REQUIRED WORK
Repeat each line of the material below exactly as it appears, minus any pictures.

DATA SEGMENT
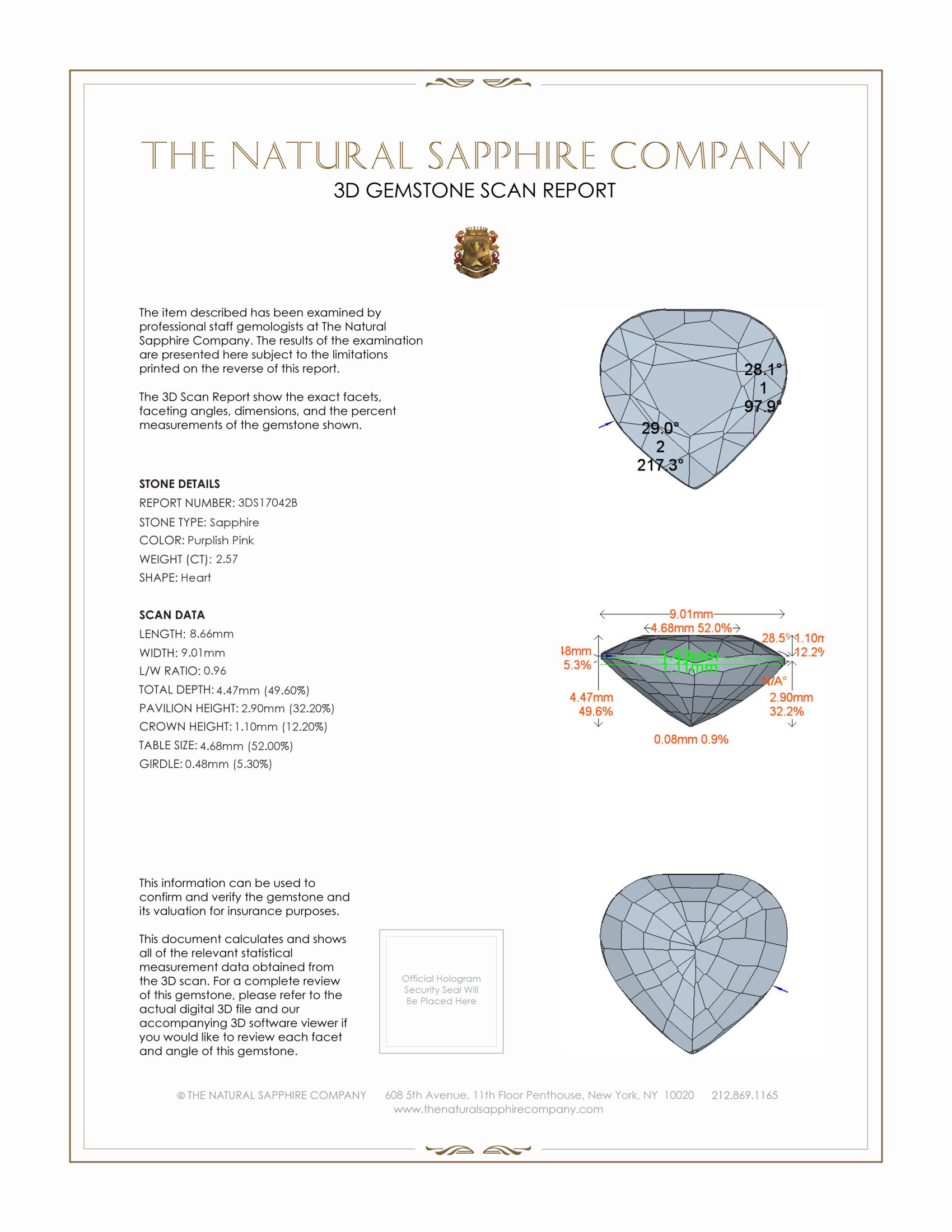 2.57 Ct. Purplish Pink Sapphire from Ceylon (Sri Lanka)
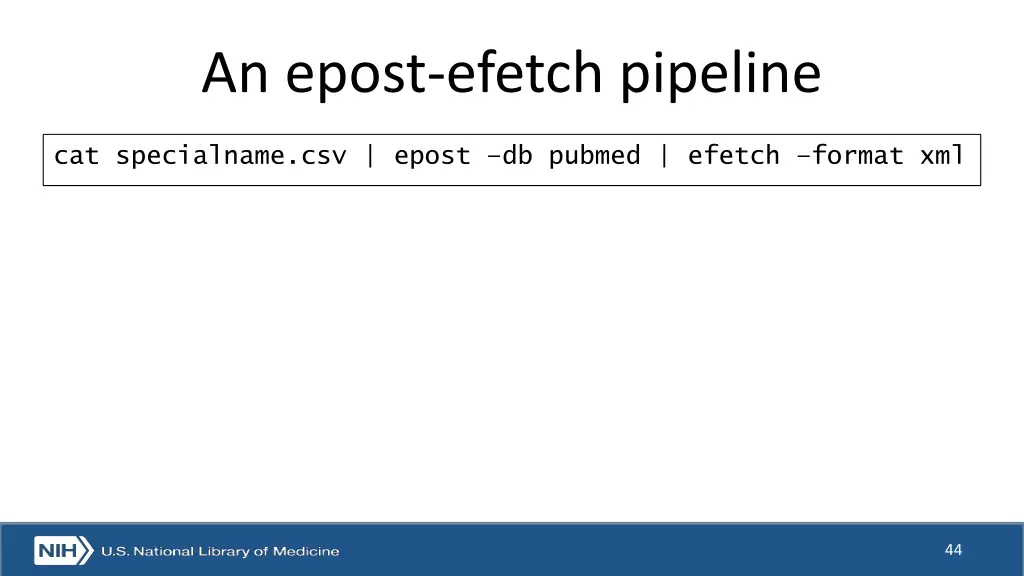 an epost efetch pipeline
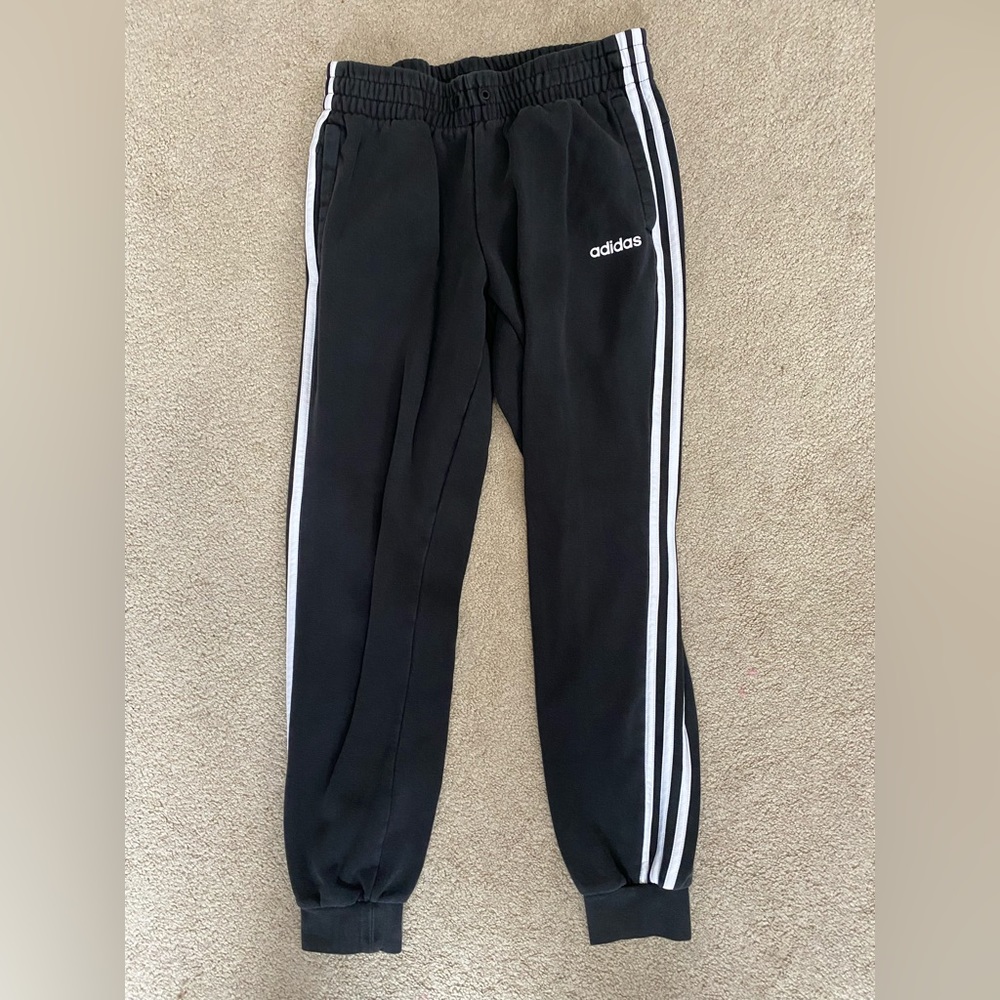 ADIDAS STRIPED SMALL BLACK JOGGERS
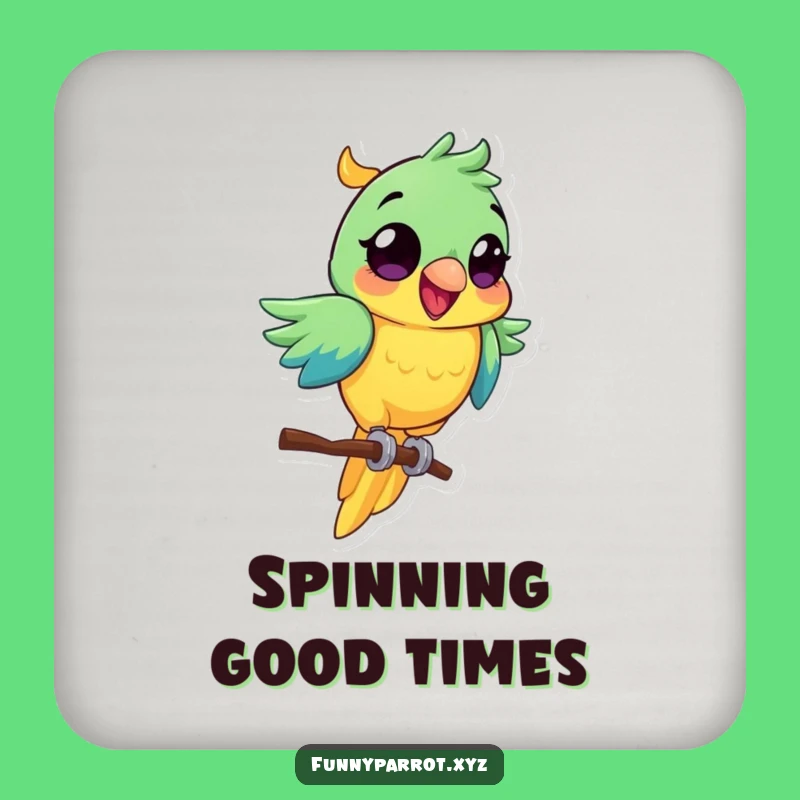 Spinning Parrot Coasters: Funny Set with Vibrant, Wide-Eyed Fun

THE ANSWER
 2.57 Ct. Purplish Pink Sapphire from Ceylon (Sri Lanka)
 an epost efetch pipeline
 ADIDAS STRIPED SMALL BLACK JOGGERS
 Spinning Parrot Coasters: Funny Set with Vibrant, Wide-Eyed Fun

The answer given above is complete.